Compliance reviews of real estate trust financing business

Author: Wu Huijin,、Mei Hanyu、Liu Li 2018-12-14
[Summary]The term “real estate trust business” mainly refers to the act whereby a trust company, through the establishment of a trust, manages, applies and disposes of, in the trust company’s name, the real estate trust funds lawfully owned by the settlor in accordance with the wishes of the settlor for the benefit of the beneficiary or for a specific purpose and the subject matter of which is immovable property or the enterprise that operates its real estate. Among commonly seen real estate trust models are the loan-based trust model, equity-type trust model and hybrid-type trust model.

The term “real estate trust business” mainly refers to the act whereby a trust company, through the establishment of a trust, manages, applies and disposes of, in the trust company’s name, the real estate trust funds lawfully owned by the settlor in accordance with the wishes of the settlor for the benefit of the beneficiary or for a specific purpose and the subject matter of which is immovable property or the enterprise that operates its real estate. Among commonly seen real estate trust models are the loan-based trust model, equity-type trust model and hybrid-type trust model.

Although the real estate trust business has provided developers with various financing options, since the start of 2018, oversight of the real estate trust business has become stricter and “borderline” acts of certain trust companies will soon be subject to severe penalties. This column looks at the key points in a compliance review of a deal structure and the project company.


Review of qualifications of project company and payment of land grant premium. Pursuant to the Notice of the General Office of the China Banking Regulatory Commission (CBRC) on Issues Relevant to Strengthening the Oversight of the Real Estate and Securities Business of Trust Companies, a trust company is strictly prohibited from extending loans to real estate developers to pay the land grant premium. Accordingly, if a project company is a land reserve organization, subject to administration by list, a trust company shall not extend trust loans to it. It must be ensured that the project company has paid the land grant premium in full and to stipulate expressly that the loan may not be used to pay the land grant premium.


Project company and real estate project standards. Pursuant to the CBRC Notice on Issues Relevant to Strengthening the Oversight of the Real Estate Business of Trust Companies, a real estate development project to which a trust company extends a loan is required to satisfy such conditions as it having all the required certificates, the developer or its controlling shareholder having second-grade qualifications, the project capital percentage satisfying the minimum state requirement, etc.


Based on regulatory requirements, the minimum capital percentage for a real estate development project is 20% for low-income housing and regular commercially developed housing projects and 25% for other projects. It should also be noted that shareholder loans (unless the shareholder undertakes to waive the right of repayment of such loan before the project company repays the bank or trust company loan), bank loans and other such debt funds, as well as bank personal wealth management funds, other than commercial bank private banking business, may not be used as project capital.

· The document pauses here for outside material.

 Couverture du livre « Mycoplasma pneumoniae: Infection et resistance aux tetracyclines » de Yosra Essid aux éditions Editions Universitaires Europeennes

Review of project company’s payment of real estate project monies. Pursuant to Article 286 of the Contract Law and the Official Reply of the Supreme People’s Court on the Issue of the Priority Right of Payment from Construction Project Monies, the contractor’s priority right of payment takes precedence over mortgage rights and other claims. So, when doing due diligence, attention needs to be paid to the payment of the construction project monies.


Review of nature of equity to be transferred under equity-type trust model and of shareholders’ capital contributions. Under the equity-type trust model, if the equity to be transferred is state-owned, the transfer procedure has to be conducted pursuant to the Interim Administrative Measures for the Transfer of the
State-Owned Property Rights of Enterprises. If the transfer procedure is non-compliant, there is a risk that the equity transfer will not be legally recognized.


Furthermore, according to the Company Law and judicial interpretations, if such defects in the shareholders’ capital contributions as a fraudulent capital contribution, unauthorized withdrawal of a capital contribution, etc., exist, there will be a risk of the company having its business licence revoked or of the other shareholders bearing joint and several liability for making up the difference to third parties. Accordingly, under the equity-type trust model, the documentation relating to the capital contributions of the project company’s shareholders need to be reviewed in detail.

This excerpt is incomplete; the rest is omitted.